• Work order: Lines containing the word "Graphic" are the ones to copy from the records below.

Start of Exercise data

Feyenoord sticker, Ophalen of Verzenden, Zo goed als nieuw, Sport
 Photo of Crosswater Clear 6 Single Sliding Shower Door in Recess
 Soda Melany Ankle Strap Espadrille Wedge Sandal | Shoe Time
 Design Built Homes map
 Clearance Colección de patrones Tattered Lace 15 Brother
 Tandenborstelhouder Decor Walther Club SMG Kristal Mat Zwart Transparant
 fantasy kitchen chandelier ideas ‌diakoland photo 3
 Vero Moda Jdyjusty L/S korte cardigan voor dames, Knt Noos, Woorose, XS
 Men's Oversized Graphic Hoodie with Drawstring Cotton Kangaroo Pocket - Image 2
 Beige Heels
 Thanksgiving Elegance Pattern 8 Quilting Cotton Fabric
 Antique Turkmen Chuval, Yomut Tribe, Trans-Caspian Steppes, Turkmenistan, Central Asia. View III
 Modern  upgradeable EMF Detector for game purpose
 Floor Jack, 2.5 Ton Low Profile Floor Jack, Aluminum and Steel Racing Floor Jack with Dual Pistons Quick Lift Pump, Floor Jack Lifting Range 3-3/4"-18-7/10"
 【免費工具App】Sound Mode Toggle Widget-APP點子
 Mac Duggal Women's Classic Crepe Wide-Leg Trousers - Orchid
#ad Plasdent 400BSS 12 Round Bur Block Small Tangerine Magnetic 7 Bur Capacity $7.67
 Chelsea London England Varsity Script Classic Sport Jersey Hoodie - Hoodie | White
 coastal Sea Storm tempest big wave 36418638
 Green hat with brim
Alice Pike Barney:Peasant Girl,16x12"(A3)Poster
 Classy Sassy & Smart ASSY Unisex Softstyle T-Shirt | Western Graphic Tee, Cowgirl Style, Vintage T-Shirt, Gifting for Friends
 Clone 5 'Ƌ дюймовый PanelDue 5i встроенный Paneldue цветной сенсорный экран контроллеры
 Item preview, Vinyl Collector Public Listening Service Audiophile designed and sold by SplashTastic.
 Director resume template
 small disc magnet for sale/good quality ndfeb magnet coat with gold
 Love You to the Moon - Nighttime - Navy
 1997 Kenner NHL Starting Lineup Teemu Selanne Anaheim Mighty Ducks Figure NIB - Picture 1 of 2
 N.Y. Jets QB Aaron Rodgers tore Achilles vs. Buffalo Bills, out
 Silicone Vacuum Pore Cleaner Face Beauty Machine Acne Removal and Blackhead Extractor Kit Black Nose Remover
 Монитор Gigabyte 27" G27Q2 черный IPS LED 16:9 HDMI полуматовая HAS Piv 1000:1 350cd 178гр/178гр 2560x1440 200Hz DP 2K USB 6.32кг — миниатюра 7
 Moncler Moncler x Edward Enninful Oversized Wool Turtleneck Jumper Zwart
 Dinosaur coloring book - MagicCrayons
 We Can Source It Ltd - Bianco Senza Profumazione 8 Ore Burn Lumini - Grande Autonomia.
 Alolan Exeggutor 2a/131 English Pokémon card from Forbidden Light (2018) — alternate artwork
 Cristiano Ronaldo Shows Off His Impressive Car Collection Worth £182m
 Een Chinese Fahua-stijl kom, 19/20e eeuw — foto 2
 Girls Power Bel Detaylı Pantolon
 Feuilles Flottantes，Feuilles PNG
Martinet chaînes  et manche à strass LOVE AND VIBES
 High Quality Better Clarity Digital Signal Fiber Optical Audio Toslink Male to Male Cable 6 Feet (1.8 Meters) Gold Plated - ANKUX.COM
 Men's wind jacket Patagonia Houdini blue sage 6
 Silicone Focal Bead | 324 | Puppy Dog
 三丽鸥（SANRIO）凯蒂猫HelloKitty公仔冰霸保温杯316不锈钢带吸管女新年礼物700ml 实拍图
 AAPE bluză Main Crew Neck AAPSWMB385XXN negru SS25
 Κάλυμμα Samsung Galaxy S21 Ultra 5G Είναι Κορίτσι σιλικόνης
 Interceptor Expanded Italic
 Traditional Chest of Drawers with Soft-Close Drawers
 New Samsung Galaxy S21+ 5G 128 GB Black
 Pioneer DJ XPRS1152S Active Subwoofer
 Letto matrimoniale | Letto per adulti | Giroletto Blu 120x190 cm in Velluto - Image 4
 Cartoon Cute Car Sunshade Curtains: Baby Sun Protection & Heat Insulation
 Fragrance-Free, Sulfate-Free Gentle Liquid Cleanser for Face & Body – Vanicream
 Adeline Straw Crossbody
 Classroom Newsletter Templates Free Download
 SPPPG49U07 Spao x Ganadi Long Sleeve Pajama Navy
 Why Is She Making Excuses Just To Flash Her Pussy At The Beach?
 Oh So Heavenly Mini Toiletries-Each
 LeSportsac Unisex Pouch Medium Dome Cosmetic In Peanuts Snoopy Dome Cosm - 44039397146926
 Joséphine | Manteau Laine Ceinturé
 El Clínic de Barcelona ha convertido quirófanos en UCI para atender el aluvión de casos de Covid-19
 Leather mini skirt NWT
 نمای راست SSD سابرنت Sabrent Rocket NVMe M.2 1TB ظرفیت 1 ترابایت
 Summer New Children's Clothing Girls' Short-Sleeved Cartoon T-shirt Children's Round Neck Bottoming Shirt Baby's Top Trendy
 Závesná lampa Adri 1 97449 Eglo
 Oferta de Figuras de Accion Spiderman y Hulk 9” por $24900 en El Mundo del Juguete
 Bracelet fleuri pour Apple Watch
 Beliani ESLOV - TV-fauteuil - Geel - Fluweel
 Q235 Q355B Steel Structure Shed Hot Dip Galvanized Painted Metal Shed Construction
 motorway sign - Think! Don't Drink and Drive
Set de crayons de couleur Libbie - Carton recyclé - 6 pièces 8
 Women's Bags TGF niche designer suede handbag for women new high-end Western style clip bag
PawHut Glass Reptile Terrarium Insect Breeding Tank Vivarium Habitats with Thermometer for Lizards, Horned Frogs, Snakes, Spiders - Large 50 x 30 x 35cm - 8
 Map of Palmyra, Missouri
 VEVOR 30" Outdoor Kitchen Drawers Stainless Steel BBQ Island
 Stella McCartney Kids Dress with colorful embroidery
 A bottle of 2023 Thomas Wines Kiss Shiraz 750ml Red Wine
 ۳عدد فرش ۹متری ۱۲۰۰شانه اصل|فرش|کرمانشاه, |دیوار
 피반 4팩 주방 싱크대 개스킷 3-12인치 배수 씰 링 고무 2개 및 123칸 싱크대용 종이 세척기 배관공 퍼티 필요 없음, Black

End of Exercise data

• Result:
 Men's Oversized Graphic Hoodie with Drawstring Cotton Kangaroo Pocket - Image 2
 Classy Sassy & Smart ASSY Unisex Softstyle T-Shirt | Western Graphic Tee, Cowgirl Style, Vintage T-Shirt, Gifting for Friends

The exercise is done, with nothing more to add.